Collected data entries
"""
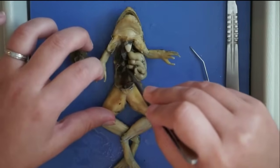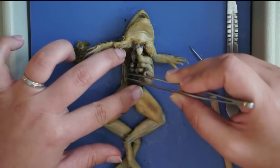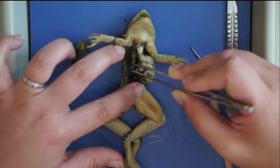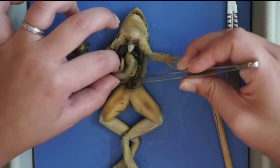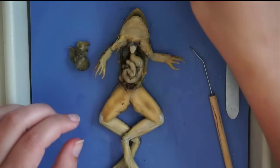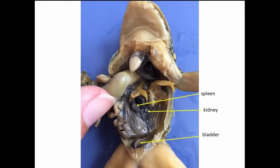There's one kidney on that side and one on the right side as well. There's also a bladder that the kidneys filter urine into — the frog's bladder is pretty empty at the moment — and that will all empty out into the cloaca. Here are some of the structures we just looked at: the spleen, kidney, and the bladder.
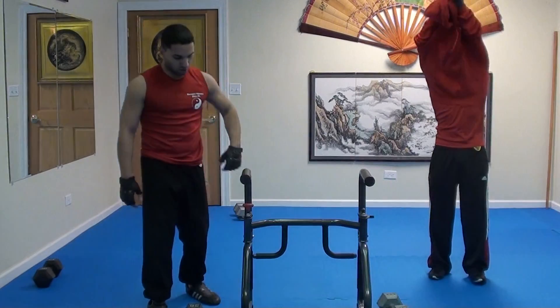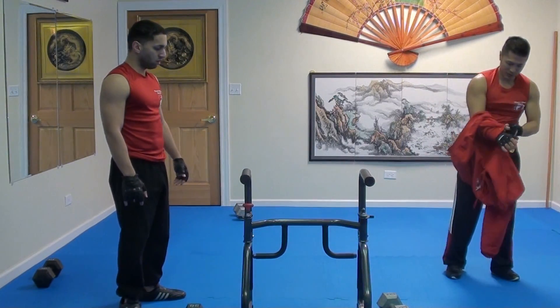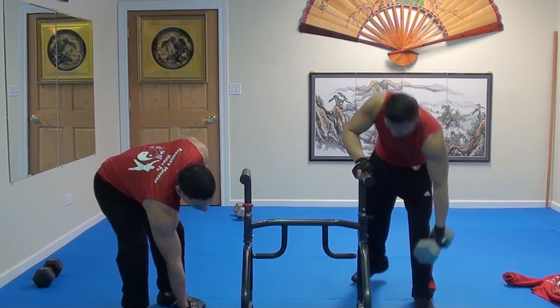I'm going to switch sides. My left elbow is the one that hurts. Let's see if I can do this — let's go for another side.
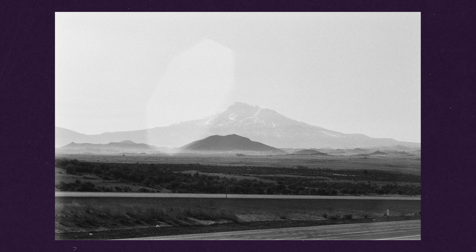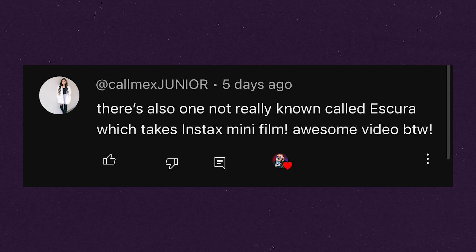Would you be willing to do an episode covering which instant cameras do double exposures? That's an interesting one. There's not a lot of them even out there that offer it, so maybe that could be a video. To be honest, I'm not really a double exposure guy — I've never really been into that and wouldn't even know how to do a tutorial on it. I would have to practice myself. But maybe a generic guide to cameras that have that feature. There's also one not really known called the Escura — I think that's how you say it — which takes Instax mini film. I have seen that; it looks so cool, it's super retro, has a lot of Fallout vibes. I definitely want to get that camera and try it — it's been on my list for a couple of years.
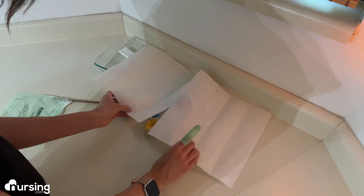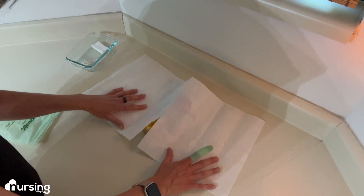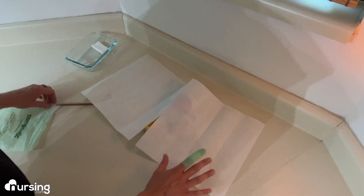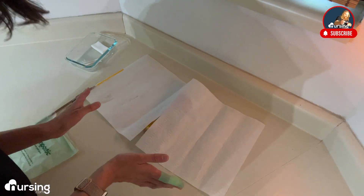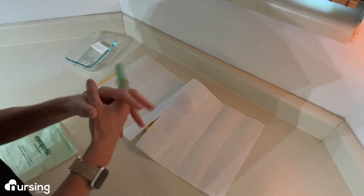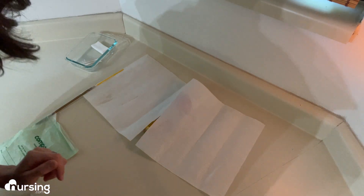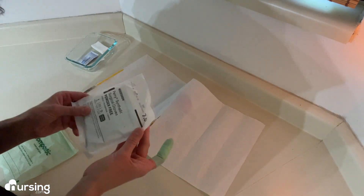So I will set up my patient with the fenestrated drape, and then make sure that you can do preliminary care with some peri wipes and of course gloves. Then we'll do hand hygiene, make sure that I've got my hands all nice and clean, and then very first and foremost, we're going to apply sterile gloves.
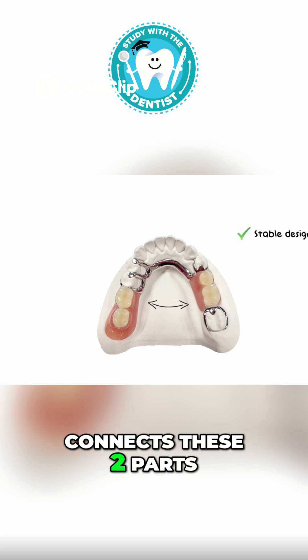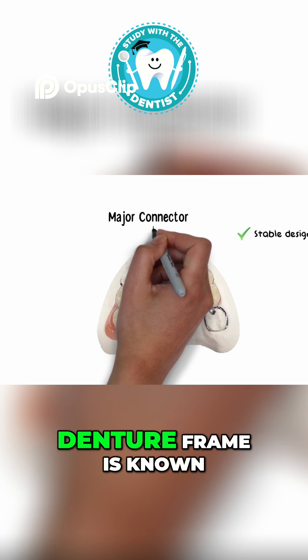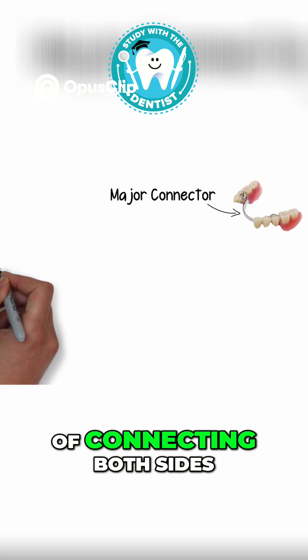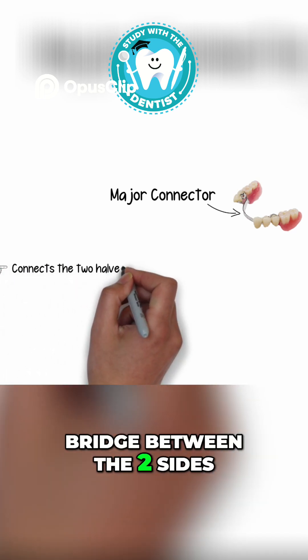The component that connects these two parts — the right and the left halves of the removable partial denture frame — is known as the major connector. A major connector basically performs the role of connecting both sides of the denture bases and acts as a bridge between the two sides.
"""
Write out exactly the opening lines of the data, stopping after the line that holds "I'm going to". Exclude pictures.

_TASK RESPONSE_
There's one kidney on that side and one on the right side as well. There's also a bladder that the kidneys filter urine into — the frog's bladder is pretty empty at the moment — and that will all empty out into the cloaca. Here are some of the structures we just looked at: the spleen, kidney, and the bladder.
I'm going to switch sides. My left elbow is the one that hurts. Let's see if I can do this — let's go for another side.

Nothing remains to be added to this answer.